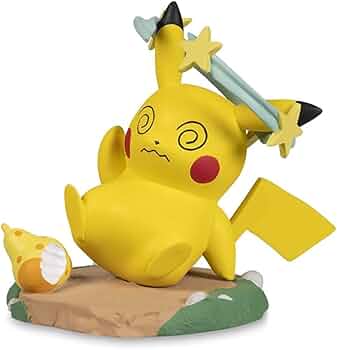 51PujLY9itL._AC_UF350,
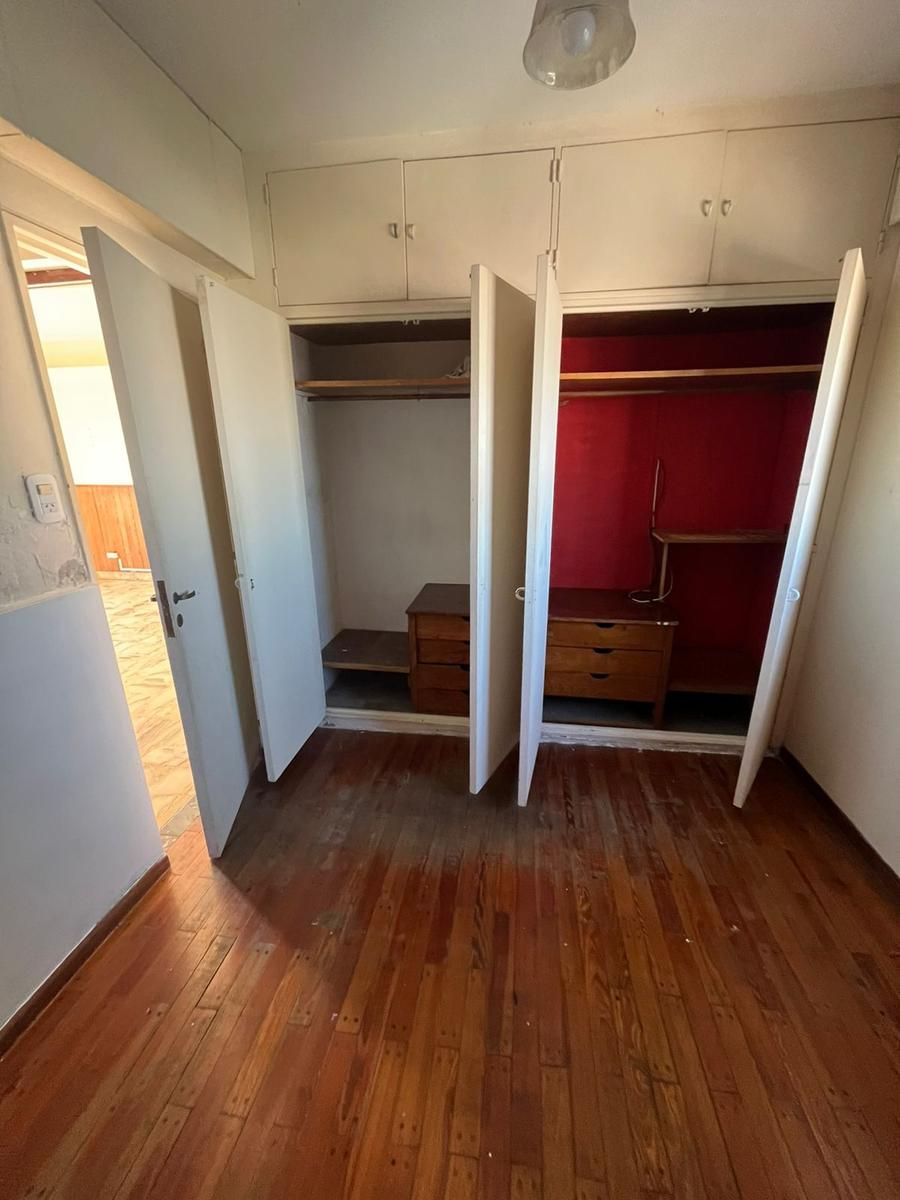 SE VENDE DPTO 3 AMB.EN POMPEYA - 14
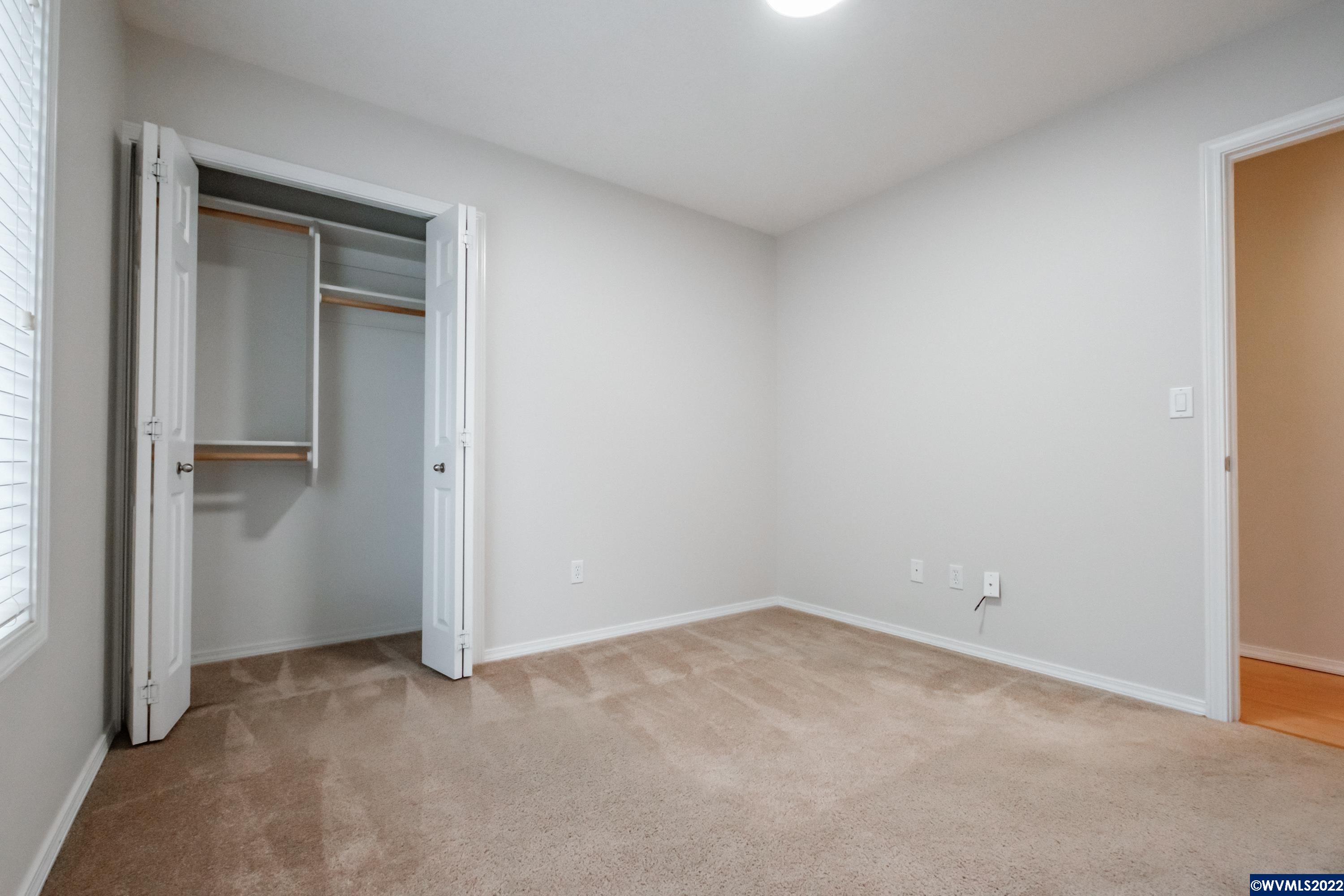 4785 Falcon Street Southwest Albany, OR 97321 - Photo 26 of 42 Gallery Image 26
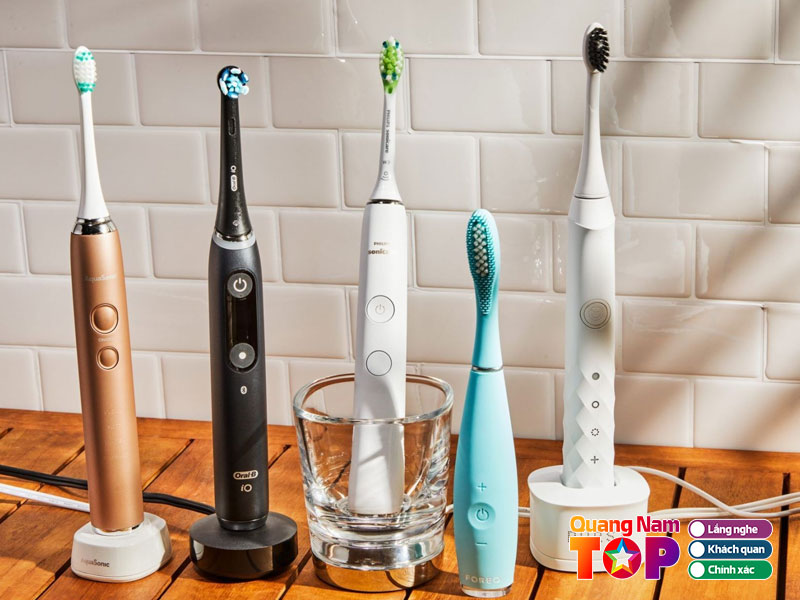 Fpt-shop-quangnamtoplist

- **What this task involves**
Could you give the material above again, exactly and without its pictures?

- **Answer section**
 51PujLY9itL._AC_UF350,
 SE VENDE DPTO 3 AMB.EN POMPEYA - 14
 4785 Falcon Street Southwest Albany, OR 97321 - Photo 26 of 42 Gallery Image 26
 Fpt-shop-quangnamtoplist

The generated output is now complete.